However, these results seem explainable by the widely-observed tendency of larger models to learn faster and generalize better, given equal optimization steps.
This seems right and I don’t think we say anything contradicting it in the paper.
I also don’t see how saying ‘different patterns are learned at different speeds’ is supposed to have any explanatory power. It doesn’t explain why some types of patterns are faster to learn than others, or what determines the relative learnability of memorizing versus generalizing patterns across domains. It feels like saying ‘bricks fall because it’s in a brick’s nature to move towards the ground’: both are repackaging an observation as an explanation.
The idea is that the framing ‘learning at different speeds’ lets you frame grokking and double descent as the same thing. More like generalizing ‘bricks move towards the ground’ and ‘rocks move towards the ground’ to ‘objects move towards the ground’. I don’t think we make any grand claims about explaining everything in the paper, but I’ll have a look and see if there’s edits I should make—thanks for raising these points.

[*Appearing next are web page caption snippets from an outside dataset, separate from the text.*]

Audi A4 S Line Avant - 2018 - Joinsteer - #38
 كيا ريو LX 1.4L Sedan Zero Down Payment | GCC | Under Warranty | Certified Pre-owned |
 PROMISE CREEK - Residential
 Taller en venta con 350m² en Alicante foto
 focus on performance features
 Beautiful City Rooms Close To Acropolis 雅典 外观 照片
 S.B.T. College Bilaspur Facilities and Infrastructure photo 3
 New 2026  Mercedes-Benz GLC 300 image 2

Broadly agree with the takes here.
This seems right and I don’t think we say anything contradicting it in the paper.
The idea is that the framing ‘learning at different speeds’ lets you frame grokking and double descent as the same thing. More like generalizing ‘bricks move towards the ground’ and ‘rocks move towards the ground’ to ‘objects move towards the ground’. I don’t think we make any grand claims about explaining everything in the paper, but I’ll have a look and see if there’s edits I should make—thanks for raising these points.